Only lines containing "фото" are wanted from the data below. Copy those lines.

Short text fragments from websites
+-------+
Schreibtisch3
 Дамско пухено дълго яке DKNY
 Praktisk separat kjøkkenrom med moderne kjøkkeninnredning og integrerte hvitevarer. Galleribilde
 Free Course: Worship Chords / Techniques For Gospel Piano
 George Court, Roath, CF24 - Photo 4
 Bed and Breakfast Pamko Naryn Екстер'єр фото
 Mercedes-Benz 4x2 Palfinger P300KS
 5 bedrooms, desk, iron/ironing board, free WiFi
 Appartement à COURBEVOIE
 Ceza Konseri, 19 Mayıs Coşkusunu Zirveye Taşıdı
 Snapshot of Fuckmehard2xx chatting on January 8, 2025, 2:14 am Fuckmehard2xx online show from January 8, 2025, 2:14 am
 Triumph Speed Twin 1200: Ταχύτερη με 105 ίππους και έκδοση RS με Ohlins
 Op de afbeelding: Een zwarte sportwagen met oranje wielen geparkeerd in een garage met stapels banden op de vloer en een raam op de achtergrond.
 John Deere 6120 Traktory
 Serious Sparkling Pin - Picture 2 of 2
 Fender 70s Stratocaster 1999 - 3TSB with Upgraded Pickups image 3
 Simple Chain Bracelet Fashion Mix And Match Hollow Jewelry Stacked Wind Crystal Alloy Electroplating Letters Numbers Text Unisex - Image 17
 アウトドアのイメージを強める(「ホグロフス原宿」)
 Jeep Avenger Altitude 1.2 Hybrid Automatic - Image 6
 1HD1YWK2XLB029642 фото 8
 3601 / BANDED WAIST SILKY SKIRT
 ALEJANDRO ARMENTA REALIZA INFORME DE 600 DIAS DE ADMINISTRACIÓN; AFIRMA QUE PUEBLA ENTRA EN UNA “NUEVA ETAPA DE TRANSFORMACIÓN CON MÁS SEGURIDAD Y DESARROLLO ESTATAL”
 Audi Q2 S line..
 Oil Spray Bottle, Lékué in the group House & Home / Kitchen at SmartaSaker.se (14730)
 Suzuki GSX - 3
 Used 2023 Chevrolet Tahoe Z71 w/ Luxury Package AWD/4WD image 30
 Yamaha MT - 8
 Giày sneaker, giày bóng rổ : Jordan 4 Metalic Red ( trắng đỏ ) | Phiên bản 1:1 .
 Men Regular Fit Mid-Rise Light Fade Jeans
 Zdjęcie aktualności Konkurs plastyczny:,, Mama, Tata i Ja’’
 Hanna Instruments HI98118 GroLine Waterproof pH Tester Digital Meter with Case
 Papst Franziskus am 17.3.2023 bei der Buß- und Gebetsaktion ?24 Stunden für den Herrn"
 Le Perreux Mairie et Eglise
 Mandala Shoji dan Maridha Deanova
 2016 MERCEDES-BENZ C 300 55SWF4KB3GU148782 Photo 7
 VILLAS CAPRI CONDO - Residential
+-------+
__Answer box__:
 Bed and Breakfast Pamko Naryn Екстер'єр фото
 1HD1YWK2XLB029642 фото 8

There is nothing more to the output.